Um Ícone Eternizado nas Arquibancadas
Aos 83 anos, Ademir da Guia, lenda que brilhou intensamente com a camisa alviverde, especialmente em confrontos memoráveis contra o Santos, foi o centro das atenções. O imponente bandeirão trazia não apenas seu nome, mas também um desenho icônico de sua figura com a inconfundível camisa 10 do Palmeiras, acompanhado da inscrição “Divino”, um apelido que ecoa com carinho entre os palmeirenses. A demonstração de afeto e reconhecimento por parte da massa alviverde transcendeu o espetáculo em campo, solidificando o legado de um jogador que marcou gerações.
Ademir da Guia: Estatísticas de um Gênio
Ademir da Guia vestiu a camisa do Palmeiras em um período glorioso, de 1961 a 1977. Durante sua longa e vitoriosa trajetória, o craque disputou impressionantes 902 partidas, acumulando um saldo expressivo de 513 vitórias. Sua contribuição ofensiva também foi monumental, com 155 gols marcados que ajudaram a escrever capítulos importantes na história do clube. Esses números, por si só, já falam da magnitude de seu talento e de sua importância para a Sociedade Esportiva Palmeiras.

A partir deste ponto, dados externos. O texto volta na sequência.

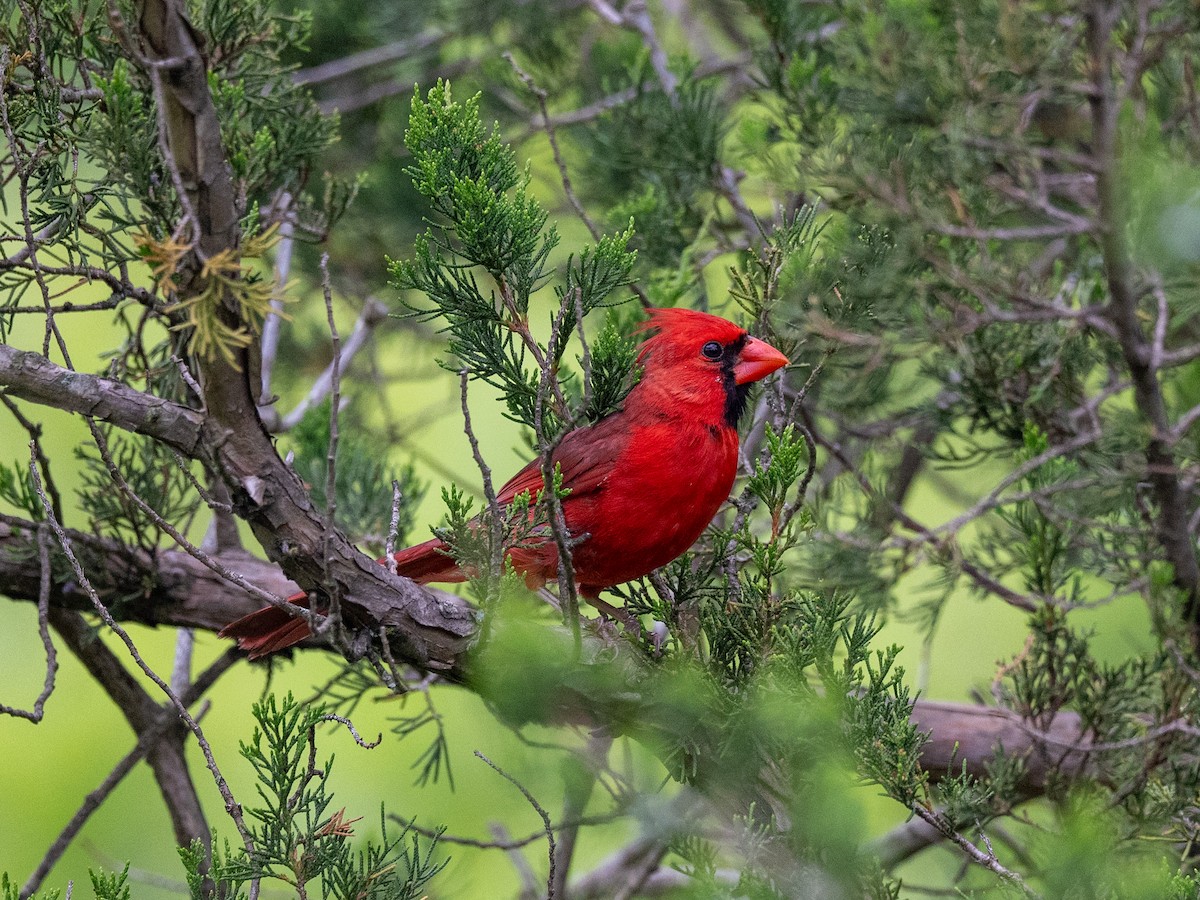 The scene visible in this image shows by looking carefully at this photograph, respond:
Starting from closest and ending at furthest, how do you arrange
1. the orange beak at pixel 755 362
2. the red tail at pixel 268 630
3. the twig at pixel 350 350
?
1. the red tail at pixel 268 630
2. the orange beak at pixel 755 362
3. the twig at pixel 350 350

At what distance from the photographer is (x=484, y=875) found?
4227mm

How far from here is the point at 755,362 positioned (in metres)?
2.59

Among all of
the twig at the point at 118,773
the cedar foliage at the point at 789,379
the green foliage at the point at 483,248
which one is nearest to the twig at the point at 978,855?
the cedar foliage at the point at 789,379

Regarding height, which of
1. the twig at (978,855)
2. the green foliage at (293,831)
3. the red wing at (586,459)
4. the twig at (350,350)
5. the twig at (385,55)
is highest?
the twig at (385,55)

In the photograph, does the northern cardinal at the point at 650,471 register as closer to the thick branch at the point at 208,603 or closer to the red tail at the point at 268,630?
the red tail at the point at 268,630

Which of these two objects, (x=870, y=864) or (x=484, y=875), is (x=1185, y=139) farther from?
(x=484, y=875)

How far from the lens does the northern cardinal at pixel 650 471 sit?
7.92 ft

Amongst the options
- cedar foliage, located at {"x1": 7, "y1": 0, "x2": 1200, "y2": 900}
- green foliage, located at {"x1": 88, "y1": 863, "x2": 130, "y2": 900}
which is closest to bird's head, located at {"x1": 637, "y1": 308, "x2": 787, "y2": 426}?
cedar foliage, located at {"x1": 7, "y1": 0, "x2": 1200, "y2": 900}

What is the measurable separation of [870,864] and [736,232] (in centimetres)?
227

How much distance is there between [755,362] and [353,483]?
121 cm

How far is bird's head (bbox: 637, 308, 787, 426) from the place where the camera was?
2.62 metres

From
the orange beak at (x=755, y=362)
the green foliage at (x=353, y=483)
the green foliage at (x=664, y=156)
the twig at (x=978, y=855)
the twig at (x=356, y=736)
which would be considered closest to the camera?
the twig at (x=978, y=855)

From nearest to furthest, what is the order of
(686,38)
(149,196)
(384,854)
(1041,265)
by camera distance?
(384,854), (149,196), (1041,265), (686,38)

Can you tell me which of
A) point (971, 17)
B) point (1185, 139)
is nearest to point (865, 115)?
point (971, 17) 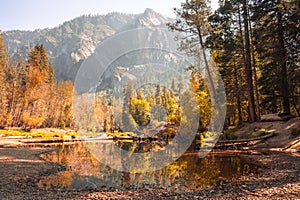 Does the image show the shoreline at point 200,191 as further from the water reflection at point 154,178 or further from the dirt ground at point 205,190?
the water reflection at point 154,178

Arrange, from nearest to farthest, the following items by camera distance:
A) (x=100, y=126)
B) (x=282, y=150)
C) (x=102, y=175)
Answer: (x=102, y=175) → (x=282, y=150) → (x=100, y=126)

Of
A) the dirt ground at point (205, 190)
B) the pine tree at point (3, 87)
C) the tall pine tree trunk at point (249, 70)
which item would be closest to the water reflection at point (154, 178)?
the dirt ground at point (205, 190)

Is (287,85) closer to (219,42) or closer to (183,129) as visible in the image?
(219,42)

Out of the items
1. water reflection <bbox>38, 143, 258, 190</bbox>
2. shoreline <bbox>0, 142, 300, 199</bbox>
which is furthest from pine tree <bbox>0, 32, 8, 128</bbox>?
shoreline <bbox>0, 142, 300, 199</bbox>

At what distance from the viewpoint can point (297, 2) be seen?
12.7 metres

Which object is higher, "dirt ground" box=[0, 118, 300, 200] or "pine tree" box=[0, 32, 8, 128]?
"pine tree" box=[0, 32, 8, 128]

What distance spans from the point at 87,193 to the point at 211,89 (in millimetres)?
18605

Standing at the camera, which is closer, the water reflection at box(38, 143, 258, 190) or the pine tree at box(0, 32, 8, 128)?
the water reflection at box(38, 143, 258, 190)

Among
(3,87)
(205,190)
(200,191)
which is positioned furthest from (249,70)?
(3,87)

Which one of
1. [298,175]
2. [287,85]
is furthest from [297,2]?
[298,175]

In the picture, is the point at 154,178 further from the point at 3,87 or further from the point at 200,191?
the point at 3,87

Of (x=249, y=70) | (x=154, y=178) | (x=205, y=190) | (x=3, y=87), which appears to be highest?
(x=3, y=87)

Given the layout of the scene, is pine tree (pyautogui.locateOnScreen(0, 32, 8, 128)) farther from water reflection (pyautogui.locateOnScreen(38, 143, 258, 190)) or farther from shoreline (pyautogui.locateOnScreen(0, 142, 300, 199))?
shoreline (pyautogui.locateOnScreen(0, 142, 300, 199))

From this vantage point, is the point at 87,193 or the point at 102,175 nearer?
the point at 87,193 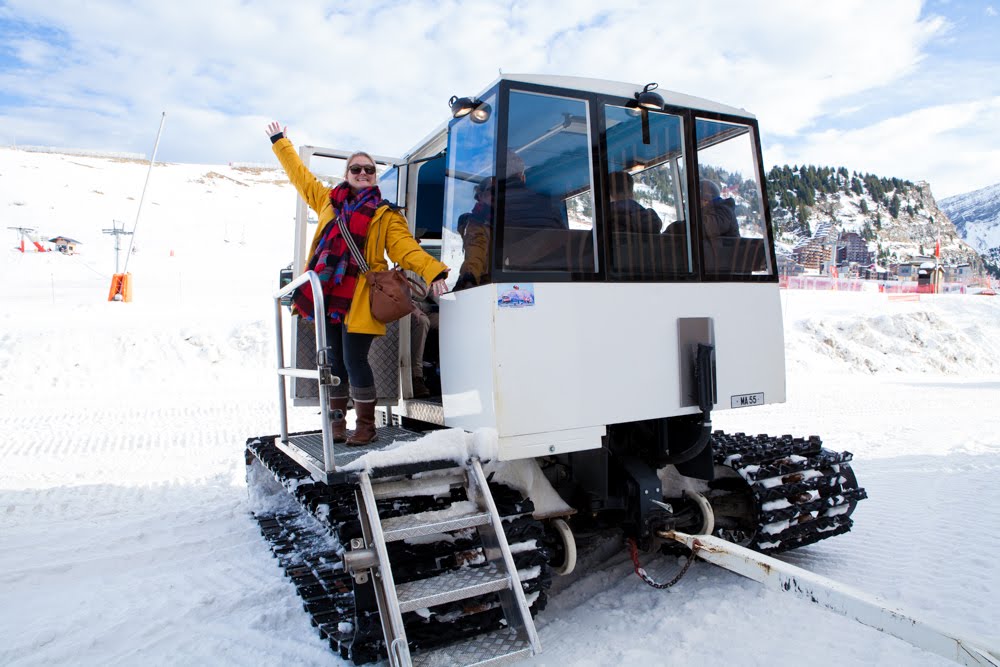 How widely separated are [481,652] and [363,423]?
1.54 metres

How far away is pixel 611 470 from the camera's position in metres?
4.39

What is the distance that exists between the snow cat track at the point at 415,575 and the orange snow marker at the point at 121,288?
16.0 meters

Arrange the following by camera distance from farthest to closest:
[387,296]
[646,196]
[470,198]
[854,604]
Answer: [646,196], [470,198], [387,296], [854,604]

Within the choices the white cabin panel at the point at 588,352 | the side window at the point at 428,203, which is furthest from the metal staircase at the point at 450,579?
the side window at the point at 428,203

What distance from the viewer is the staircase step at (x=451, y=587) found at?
3.11 meters

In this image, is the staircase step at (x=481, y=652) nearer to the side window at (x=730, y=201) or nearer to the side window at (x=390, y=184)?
the side window at (x=730, y=201)

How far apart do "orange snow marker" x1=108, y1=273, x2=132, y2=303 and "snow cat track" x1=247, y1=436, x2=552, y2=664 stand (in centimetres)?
1600

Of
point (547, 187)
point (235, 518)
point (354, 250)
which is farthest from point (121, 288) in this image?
point (547, 187)

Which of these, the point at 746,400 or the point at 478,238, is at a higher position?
the point at 478,238

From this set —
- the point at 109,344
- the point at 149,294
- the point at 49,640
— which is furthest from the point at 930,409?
the point at 149,294

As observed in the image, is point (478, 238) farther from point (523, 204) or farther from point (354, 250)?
point (354, 250)

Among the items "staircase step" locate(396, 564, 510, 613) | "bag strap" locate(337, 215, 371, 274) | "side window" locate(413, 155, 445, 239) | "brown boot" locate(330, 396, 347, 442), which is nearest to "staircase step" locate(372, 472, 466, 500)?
"staircase step" locate(396, 564, 510, 613)

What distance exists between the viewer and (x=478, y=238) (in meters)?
3.81

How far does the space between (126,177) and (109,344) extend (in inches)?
1792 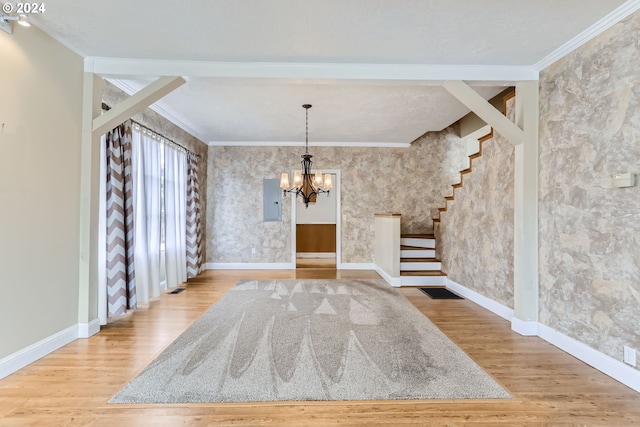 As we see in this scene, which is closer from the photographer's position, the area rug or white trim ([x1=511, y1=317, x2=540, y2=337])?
the area rug

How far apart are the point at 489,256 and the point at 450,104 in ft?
6.94

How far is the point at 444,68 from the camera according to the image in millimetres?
3146

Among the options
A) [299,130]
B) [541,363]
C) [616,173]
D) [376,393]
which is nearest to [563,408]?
[541,363]

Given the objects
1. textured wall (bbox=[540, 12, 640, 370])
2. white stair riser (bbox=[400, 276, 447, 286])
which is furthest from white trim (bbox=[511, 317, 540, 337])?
white stair riser (bbox=[400, 276, 447, 286])

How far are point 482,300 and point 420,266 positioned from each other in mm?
1421

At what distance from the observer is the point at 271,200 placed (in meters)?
6.73

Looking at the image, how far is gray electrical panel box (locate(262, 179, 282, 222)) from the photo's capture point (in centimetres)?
672

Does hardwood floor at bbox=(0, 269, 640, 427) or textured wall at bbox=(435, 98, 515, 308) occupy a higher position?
textured wall at bbox=(435, 98, 515, 308)

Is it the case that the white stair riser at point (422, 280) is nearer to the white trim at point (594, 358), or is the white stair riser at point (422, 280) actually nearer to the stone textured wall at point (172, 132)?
the white trim at point (594, 358)

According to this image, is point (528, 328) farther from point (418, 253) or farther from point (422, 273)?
point (418, 253)

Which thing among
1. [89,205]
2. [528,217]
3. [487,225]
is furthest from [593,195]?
[89,205]

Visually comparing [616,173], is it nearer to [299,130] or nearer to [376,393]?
[376,393]

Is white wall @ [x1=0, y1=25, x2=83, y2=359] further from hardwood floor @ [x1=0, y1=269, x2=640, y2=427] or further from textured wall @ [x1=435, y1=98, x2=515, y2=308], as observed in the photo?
textured wall @ [x1=435, y1=98, x2=515, y2=308]

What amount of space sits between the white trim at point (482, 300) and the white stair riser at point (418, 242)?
79 centimetres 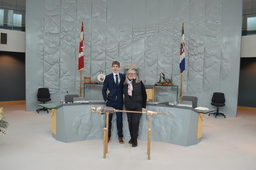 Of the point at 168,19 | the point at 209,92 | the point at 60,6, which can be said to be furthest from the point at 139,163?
the point at 60,6

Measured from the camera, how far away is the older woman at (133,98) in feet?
13.5

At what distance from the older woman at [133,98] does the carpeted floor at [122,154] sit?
40 centimetres

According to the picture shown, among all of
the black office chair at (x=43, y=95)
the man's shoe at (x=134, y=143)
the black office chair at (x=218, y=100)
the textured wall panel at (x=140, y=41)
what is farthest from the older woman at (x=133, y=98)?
the black office chair at (x=43, y=95)

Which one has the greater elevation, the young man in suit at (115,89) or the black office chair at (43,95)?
the young man in suit at (115,89)

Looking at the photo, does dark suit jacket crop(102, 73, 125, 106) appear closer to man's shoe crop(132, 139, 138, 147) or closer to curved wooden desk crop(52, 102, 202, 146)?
curved wooden desk crop(52, 102, 202, 146)

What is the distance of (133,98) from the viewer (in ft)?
13.5

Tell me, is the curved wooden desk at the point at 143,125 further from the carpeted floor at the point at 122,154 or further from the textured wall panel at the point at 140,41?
the textured wall panel at the point at 140,41

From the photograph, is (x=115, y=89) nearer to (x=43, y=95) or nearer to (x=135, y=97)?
(x=135, y=97)

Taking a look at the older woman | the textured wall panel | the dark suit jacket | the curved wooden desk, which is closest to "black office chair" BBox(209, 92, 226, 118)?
the textured wall panel

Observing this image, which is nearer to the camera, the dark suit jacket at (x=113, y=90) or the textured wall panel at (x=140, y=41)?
the dark suit jacket at (x=113, y=90)

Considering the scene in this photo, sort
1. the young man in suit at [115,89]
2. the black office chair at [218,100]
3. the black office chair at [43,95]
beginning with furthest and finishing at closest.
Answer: the black office chair at [43,95]
the black office chair at [218,100]
the young man in suit at [115,89]

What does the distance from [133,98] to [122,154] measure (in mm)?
1002

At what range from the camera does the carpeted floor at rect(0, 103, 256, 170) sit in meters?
Result: 3.33

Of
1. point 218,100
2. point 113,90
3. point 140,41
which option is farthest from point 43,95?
point 218,100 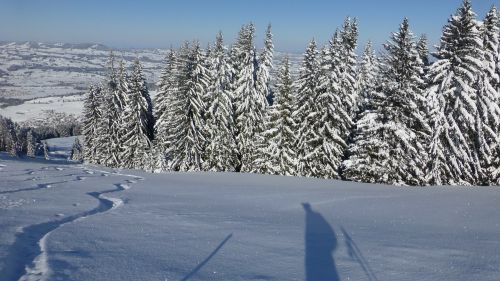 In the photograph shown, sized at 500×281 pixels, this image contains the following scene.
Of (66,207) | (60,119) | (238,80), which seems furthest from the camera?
(60,119)

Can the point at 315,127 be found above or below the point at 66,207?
above

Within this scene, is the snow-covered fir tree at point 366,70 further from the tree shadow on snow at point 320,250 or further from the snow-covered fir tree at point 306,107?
the tree shadow on snow at point 320,250

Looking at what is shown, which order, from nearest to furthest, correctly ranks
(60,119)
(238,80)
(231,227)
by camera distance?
(231,227), (238,80), (60,119)

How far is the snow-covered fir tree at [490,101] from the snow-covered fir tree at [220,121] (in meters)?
22.6

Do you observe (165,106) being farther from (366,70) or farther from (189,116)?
(366,70)

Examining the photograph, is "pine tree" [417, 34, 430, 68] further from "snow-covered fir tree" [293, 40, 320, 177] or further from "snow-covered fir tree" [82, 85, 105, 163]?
"snow-covered fir tree" [82, 85, 105, 163]

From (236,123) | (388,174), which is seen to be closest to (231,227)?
(388,174)

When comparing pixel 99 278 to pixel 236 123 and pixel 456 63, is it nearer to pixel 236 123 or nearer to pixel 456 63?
pixel 456 63

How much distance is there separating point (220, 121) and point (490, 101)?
23.9 metres

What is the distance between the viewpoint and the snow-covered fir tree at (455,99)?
27.0 m

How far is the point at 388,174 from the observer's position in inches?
1112

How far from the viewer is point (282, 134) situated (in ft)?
120

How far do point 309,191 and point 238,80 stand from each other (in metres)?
23.0

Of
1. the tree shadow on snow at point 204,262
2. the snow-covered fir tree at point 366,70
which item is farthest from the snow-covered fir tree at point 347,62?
the tree shadow on snow at point 204,262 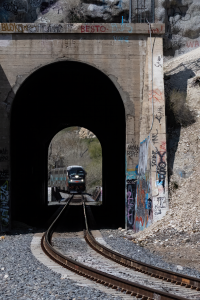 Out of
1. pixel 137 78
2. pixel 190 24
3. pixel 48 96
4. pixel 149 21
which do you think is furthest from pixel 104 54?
pixel 190 24

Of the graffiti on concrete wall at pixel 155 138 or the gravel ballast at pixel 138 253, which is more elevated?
the graffiti on concrete wall at pixel 155 138

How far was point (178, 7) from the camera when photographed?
40.5 meters

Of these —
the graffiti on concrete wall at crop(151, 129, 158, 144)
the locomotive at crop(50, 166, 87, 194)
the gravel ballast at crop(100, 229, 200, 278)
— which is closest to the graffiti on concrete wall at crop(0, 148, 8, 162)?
the gravel ballast at crop(100, 229, 200, 278)

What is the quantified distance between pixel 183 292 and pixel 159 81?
33.7 feet

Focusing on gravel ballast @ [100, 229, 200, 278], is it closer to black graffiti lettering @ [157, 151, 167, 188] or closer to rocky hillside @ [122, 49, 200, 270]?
rocky hillside @ [122, 49, 200, 270]

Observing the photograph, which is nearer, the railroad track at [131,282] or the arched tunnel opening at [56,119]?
the railroad track at [131,282]

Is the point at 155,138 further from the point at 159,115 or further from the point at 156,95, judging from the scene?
the point at 156,95

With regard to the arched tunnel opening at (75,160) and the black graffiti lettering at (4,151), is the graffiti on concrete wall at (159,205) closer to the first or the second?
the black graffiti lettering at (4,151)

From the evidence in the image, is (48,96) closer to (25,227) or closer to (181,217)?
(25,227)

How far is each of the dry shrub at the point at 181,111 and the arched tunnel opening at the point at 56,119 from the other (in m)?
2.62

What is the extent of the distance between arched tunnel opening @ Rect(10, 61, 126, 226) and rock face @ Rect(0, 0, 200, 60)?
14.4 metres

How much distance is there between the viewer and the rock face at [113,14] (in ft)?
128

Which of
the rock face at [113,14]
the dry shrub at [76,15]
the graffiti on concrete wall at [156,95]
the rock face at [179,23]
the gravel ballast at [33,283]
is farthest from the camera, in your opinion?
the dry shrub at [76,15]

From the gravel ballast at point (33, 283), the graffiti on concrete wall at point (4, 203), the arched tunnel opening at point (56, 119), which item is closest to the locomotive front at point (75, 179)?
the arched tunnel opening at point (56, 119) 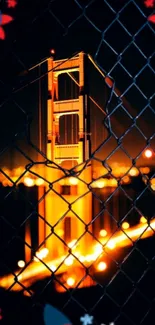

O Reconhecimento da Organizada: Uma Mensagem de Profundidade
Em mais um momento tocante da noite, Ademir da Guia recebeu das mãos de uma das principais organizadas do clube uma placa personalizada. A peça carregava não apenas seu nome, mas também uma mensagem que capturava a essência de seu futebol e de sua influência: “No futebol, existem poucos deuses, e Ademir da Guia foi o Deus da camisa 10 do Palmeiras. Com inteligência e genialidade, deu forma ao estilo que marcou a primeira e a segunda academia.” A declaração ressalta a admiração profunda e o respeito que o “Divino” conquistou, indo além das conquistas materiais e adentrando o campo da inspiração e da arte.
Um Legado que Inspira e Perdura
A mensagem entregue à Ademir da Guia prossegue, detalhando o impacto duradouro de seu futebol: “Seu futebol encantou gerações, inspirou ídolos e ajudou a construir a história gloriosa da Sociedade Esportiva Palmeiras. Obrigado aos deuses do futebol por nos conceder Ademir da Guia, o eterno divino.” Essa frase resume perfeitamente a importância histórica do jogador, não apenas como um atleta de alta performance, mas como um artista que moldou a identidade de um dos clubes mais tradicionais do Brasil. Sua habilidade ímpar, sua visão de jogo e sua elegância em campo o eternizaram na memória dos torcedores e na história do esporte.
As Conquistas que Solidificaram a Lenda
As estatísticas e as homenagens são importantes, mas as conquistas em campo são a materialização do talento. Ademir da Guia foi peça fundamental em um período de ouro para o Palmeiras, colecionando títulos que se tornaram marcos na galeria do clube. Entre as principais conquistas, destacam-se: o Campeonato Brasileiro em 1967 (Torneio Roberto Gomes Pedrosa), o Campeonato Brasileiro em 1967 (Taça Brasil), o Campeonato Brasileiro em 1969, o Campeonato Brasileiro em 1972 e o Campeonato Brasileiro em 1973. Além disso, o craque ergueu o troféu do Torneio Rio-São Paulo em 1965, o Campeonato Paulista em 1963, 1966, 1972, 1974 e 1976, e o Torneio Laudo Natel em 1972. Essa coleção impressionante de títulos comprova a hegemonia e a grandeza do Palmeiras durante sua era, com Ademir da Guia como um de seus protagonistas indiscutíveis.